→ Task statement
Nothing is needed except the lines below that run from the one with "VMX Riser Pullback Plate" through the one with "Imagem Casa com", repeated exactly.

### Data to examine ###

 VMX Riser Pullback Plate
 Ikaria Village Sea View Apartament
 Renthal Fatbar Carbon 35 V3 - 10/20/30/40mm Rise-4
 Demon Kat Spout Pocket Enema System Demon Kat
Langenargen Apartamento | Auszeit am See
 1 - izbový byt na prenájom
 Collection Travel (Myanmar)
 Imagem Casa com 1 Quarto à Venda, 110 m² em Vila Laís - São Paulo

###
### Data to examine ###

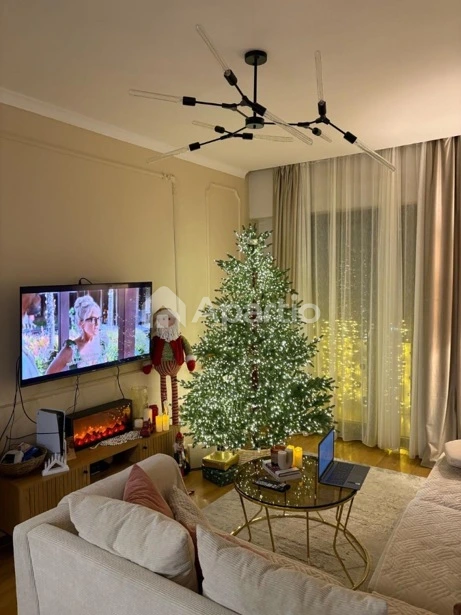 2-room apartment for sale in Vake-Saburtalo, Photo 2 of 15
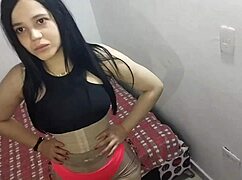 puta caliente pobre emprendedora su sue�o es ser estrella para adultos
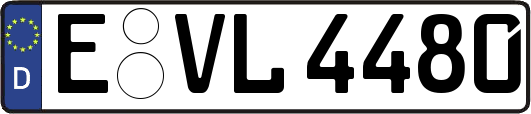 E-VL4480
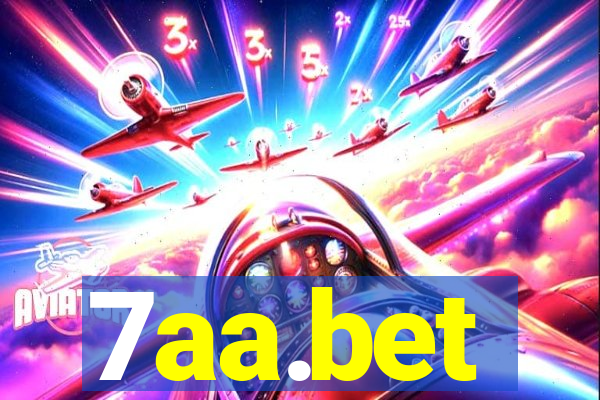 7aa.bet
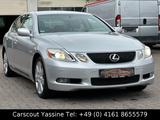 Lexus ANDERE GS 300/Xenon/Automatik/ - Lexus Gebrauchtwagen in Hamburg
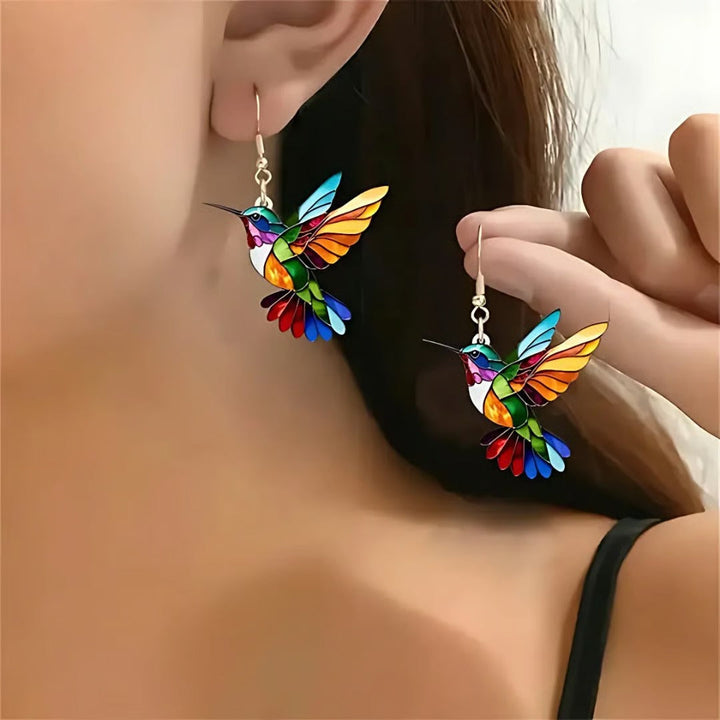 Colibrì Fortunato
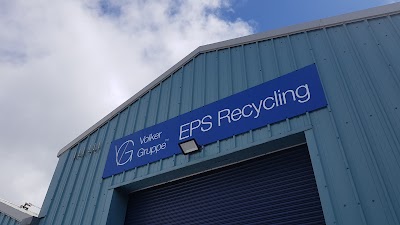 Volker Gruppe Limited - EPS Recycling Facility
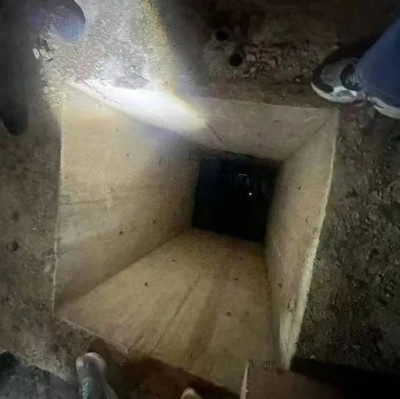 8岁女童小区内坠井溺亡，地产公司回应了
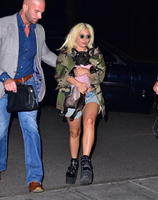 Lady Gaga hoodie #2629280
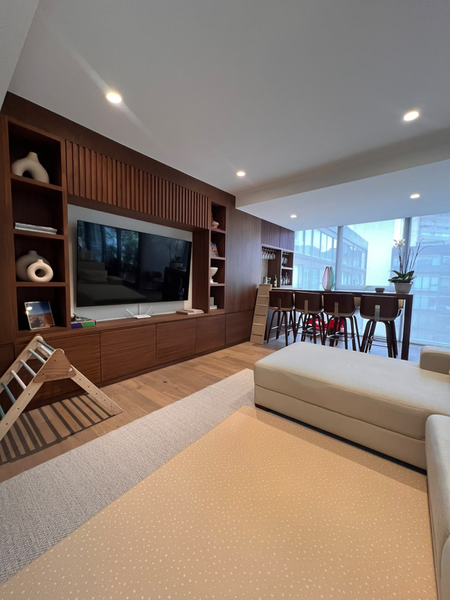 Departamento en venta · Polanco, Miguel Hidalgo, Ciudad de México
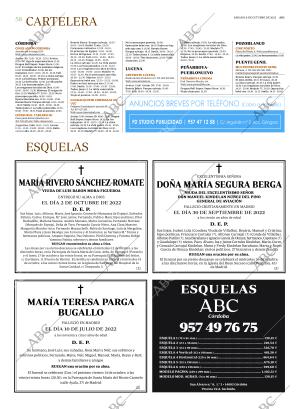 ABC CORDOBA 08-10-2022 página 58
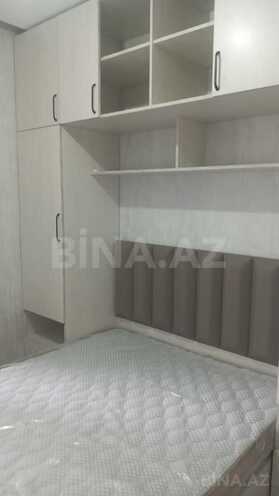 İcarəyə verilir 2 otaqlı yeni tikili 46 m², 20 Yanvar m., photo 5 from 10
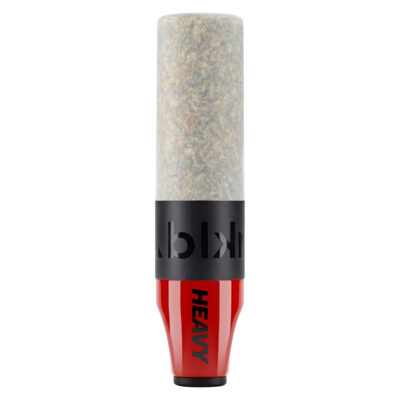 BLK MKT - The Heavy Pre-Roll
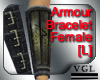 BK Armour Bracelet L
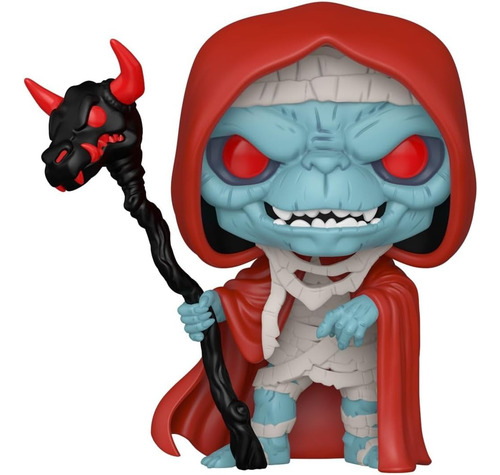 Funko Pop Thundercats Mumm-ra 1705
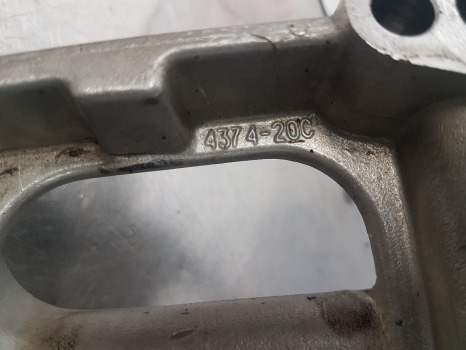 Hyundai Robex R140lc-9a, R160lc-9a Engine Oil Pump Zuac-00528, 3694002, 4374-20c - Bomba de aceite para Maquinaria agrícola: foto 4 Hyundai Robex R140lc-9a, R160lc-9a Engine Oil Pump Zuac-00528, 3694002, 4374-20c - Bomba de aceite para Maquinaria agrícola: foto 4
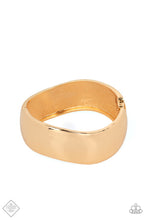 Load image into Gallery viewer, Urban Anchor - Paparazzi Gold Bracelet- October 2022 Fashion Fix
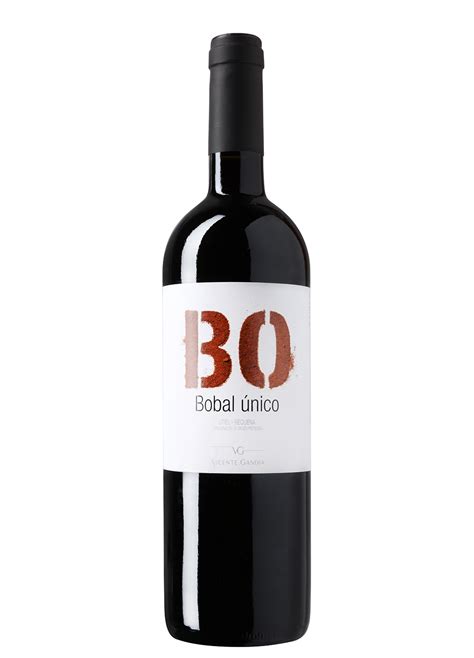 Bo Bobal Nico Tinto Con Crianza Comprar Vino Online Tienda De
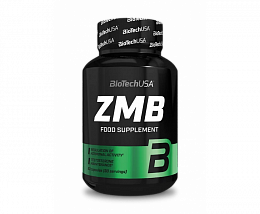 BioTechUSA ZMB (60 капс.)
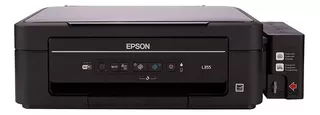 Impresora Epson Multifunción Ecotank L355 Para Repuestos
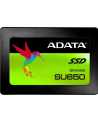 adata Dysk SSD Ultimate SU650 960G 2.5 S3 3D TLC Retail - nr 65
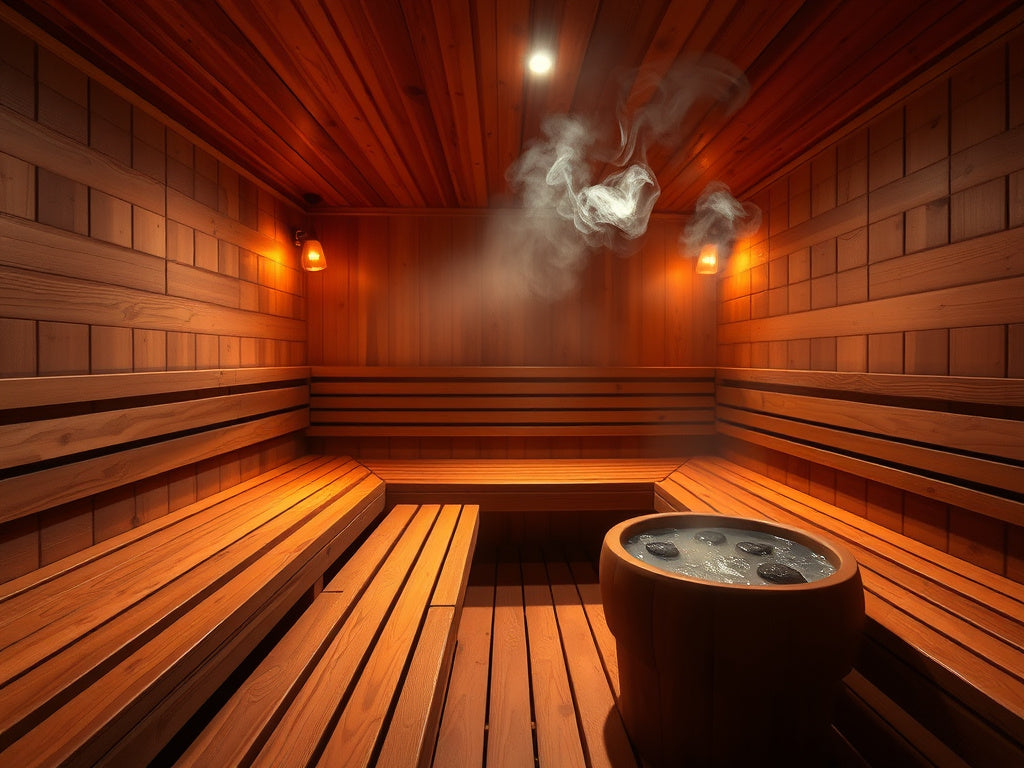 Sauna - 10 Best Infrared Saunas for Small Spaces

###
### Data to examine ###

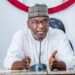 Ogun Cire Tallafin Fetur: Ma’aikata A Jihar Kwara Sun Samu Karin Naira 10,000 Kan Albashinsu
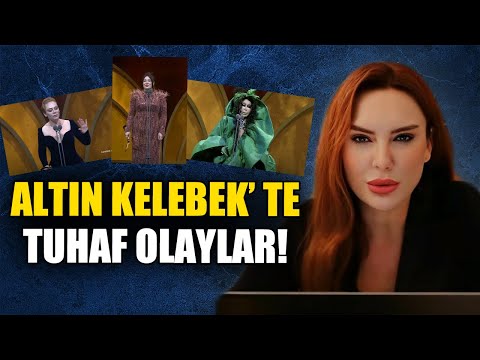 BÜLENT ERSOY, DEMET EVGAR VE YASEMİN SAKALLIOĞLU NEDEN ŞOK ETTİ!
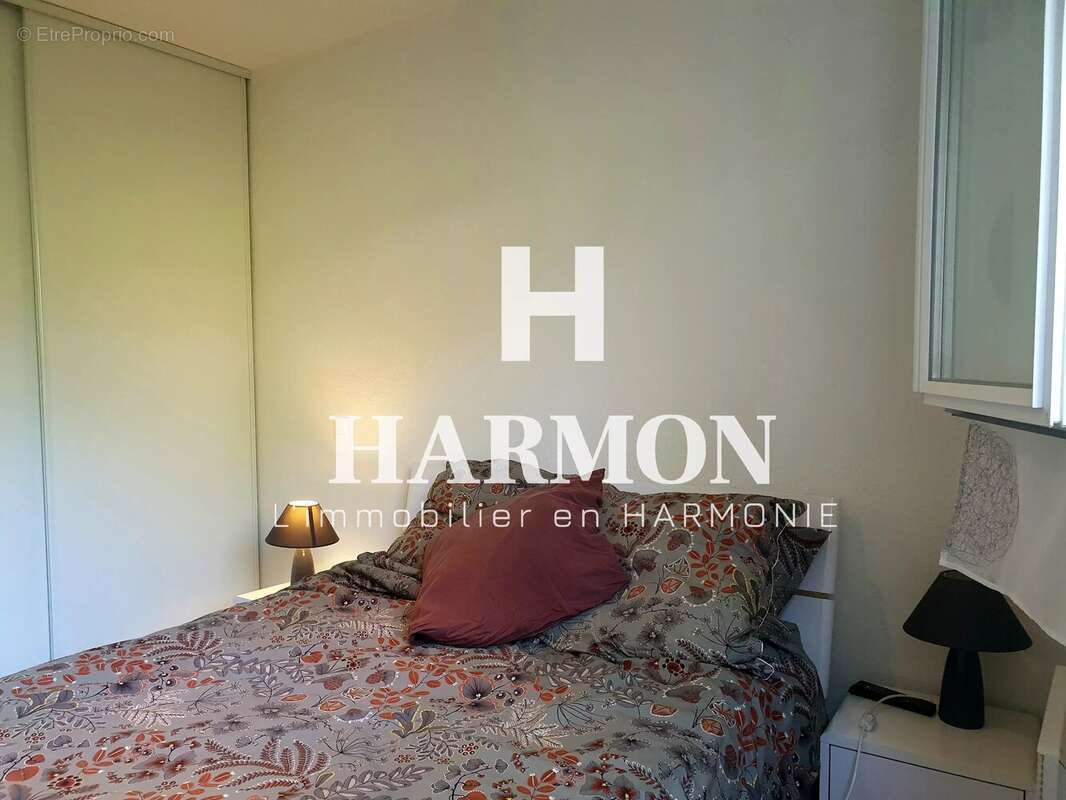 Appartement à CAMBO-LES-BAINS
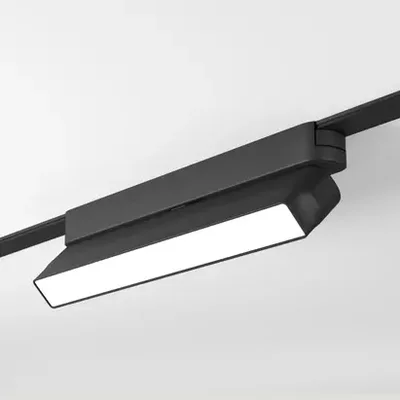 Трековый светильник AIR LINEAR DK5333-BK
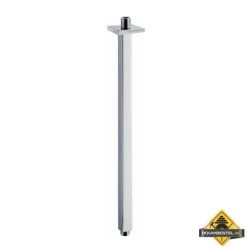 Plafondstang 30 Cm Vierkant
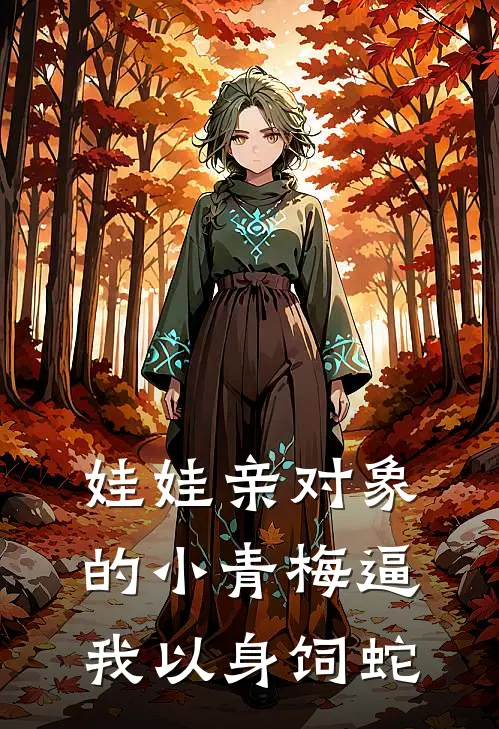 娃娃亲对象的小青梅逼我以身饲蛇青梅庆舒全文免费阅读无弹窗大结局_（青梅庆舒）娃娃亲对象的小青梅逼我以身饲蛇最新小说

###

→ Response below
 VMX Riser Pullback Plate
 Ikaria Village Sea View Apartament
 Renthal Fatbar Carbon 35 V3 - 10/20/30/40mm Rise-4
 Demon Kat Spout Pocket Enema System Demon Kat
Langenargen Apartamento | Auszeit am See
 1 - izbový byt na prenájom
 Collection Travel (Myanmar)
 Imagem Casa com 1 Quarto à Venda, 110 m² em Vila Laís - São Paulo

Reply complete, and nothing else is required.